(Short text fragments from websites)
______________________________

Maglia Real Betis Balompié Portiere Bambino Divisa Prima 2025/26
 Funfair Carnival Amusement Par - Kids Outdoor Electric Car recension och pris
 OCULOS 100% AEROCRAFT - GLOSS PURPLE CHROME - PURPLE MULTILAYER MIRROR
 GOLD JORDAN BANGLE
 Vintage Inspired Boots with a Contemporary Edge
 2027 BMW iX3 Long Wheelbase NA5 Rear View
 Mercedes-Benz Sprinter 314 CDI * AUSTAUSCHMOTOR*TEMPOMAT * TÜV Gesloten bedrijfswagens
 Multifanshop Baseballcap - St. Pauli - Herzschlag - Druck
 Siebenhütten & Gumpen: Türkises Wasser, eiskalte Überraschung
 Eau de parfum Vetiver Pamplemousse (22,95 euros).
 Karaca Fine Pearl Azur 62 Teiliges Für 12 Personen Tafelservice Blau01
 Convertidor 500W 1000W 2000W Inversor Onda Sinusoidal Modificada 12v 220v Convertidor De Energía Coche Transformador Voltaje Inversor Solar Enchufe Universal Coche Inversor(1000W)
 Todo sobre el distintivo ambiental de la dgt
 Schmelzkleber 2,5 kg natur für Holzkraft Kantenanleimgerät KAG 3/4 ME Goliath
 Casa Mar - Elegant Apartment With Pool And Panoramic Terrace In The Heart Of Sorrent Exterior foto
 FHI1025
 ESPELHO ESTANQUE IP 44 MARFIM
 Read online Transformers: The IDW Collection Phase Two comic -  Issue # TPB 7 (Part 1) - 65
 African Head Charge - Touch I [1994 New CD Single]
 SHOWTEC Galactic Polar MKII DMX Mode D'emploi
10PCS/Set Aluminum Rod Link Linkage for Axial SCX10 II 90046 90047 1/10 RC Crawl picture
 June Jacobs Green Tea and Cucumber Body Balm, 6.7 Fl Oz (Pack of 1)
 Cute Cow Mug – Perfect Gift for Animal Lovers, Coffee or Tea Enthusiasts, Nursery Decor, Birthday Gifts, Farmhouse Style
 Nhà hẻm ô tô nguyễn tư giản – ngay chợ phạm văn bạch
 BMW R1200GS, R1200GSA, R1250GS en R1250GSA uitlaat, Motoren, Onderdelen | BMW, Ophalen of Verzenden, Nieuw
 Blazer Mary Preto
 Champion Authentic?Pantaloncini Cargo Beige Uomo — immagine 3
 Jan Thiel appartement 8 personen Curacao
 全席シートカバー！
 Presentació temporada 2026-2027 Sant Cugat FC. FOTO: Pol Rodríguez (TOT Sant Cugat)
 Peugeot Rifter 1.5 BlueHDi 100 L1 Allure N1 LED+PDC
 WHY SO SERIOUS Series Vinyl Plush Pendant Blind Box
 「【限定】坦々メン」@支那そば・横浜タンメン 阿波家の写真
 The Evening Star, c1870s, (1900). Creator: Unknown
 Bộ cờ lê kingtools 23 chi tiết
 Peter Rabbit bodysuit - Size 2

______________________________

(Task description): All lines from the one containing "2027 BMW iX3 Long Wheelbase NA5 Rear View" to the end of the data above are to be set down exactly; no others belong in the answer.

(Final answer):
 2027 BMW iX3 Long Wheelbase NA5 Rear View
 Mercedes-Benz Sprinter 314 CDI * AUSTAUSCHMOTOR*TEMPOMAT * TÜV Gesloten bedrijfswagens
 Multifanshop Baseballcap - St. Pauli - Herzschlag - Druck
 Siebenhütten & Gumpen: Türkises Wasser, eiskalte Überraschung
 Eau de parfum Vetiver Pamplemousse (22,95 euros).
 Karaca Fine Pearl Azur 62 Teiliges Für 12 Personen Tafelservice Blau01
 Convertidor 500W 1000W 2000W Inversor Onda Sinusoidal Modificada 12v 220v Convertidor De Energía Coche Transformador Voltaje Inversor Solar Enchufe Universal Coche Inversor(1000W)
 Todo sobre el distintivo ambiental de la dgt
 Schmelzkleber 2,5 kg natur für Holzkraft Kantenanleimgerät KAG 3/4 ME Goliath
 Casa Mar - Elegant Apartment With Pool And Panoramic Terrace In The Heart Of Sorrent Exterior foto
 FHI1025
 ESPELHO ESTANQUE IP 44 MARFIM
 Read online Transformers: The IDW Collection Phase Two comic -  Issue # TPB 7 (Part 1) - 65
 African Head Charge - Touch I [1994 New CD Single]
 SHOWTEC Galactic Polar MKII DMX Mode D'emploi
10PCS/Set Aluminum Rod Link Linkage for Axial SCX10 II 90046 90047 1/10 RC Crawl picture
 June Jacobs Green Tea and Cucumber Body Balm, 6.7 Fl Oz (Pack of 1)
 Cute Cow Mug – Perfect Gift for Animal Lovers, Coffee or Tea Enthusiasts, Nursery Decor, Birthday Gifts, Farmhouse Style
 Nhà hẻm ô tô nguyễn tư giản – ngay chợ phạm văn bạch
 BMW R1200GS, R1200GSA, R1250GS en R1250GSA uitlaat, Motoren, Onderdelen | BMW, Ophalen of Verzenden, Nieuw
 Blazer Mary Preto
 Champion Authentic?Pantaloncini Cargo Beige Uomo — immagine 3
 Jan Thiel appartement 8 personen Curacao
 全席シートカバー！
 Presentació temporada 2026-2027 Sant Cugat FC. FOTO: Pol Rodríguez (TOT Sant Cugat)
 Peugeot Rifter 1.5 BlueHDi 100 L1 Allure N1 LED+PDC
 WHY SO SERIOUS Series Vinyl Plush Pendant Blind Box
 「【限定】坦々メン」@支那そば・横浜タンメン 阿波家の写真
 The Evening Star, c1870s, (1900). Creator: Unknown
 Bộ cờ lê kingtools 23 chi tiết
 Peter Rabbit bodysuit - Size 2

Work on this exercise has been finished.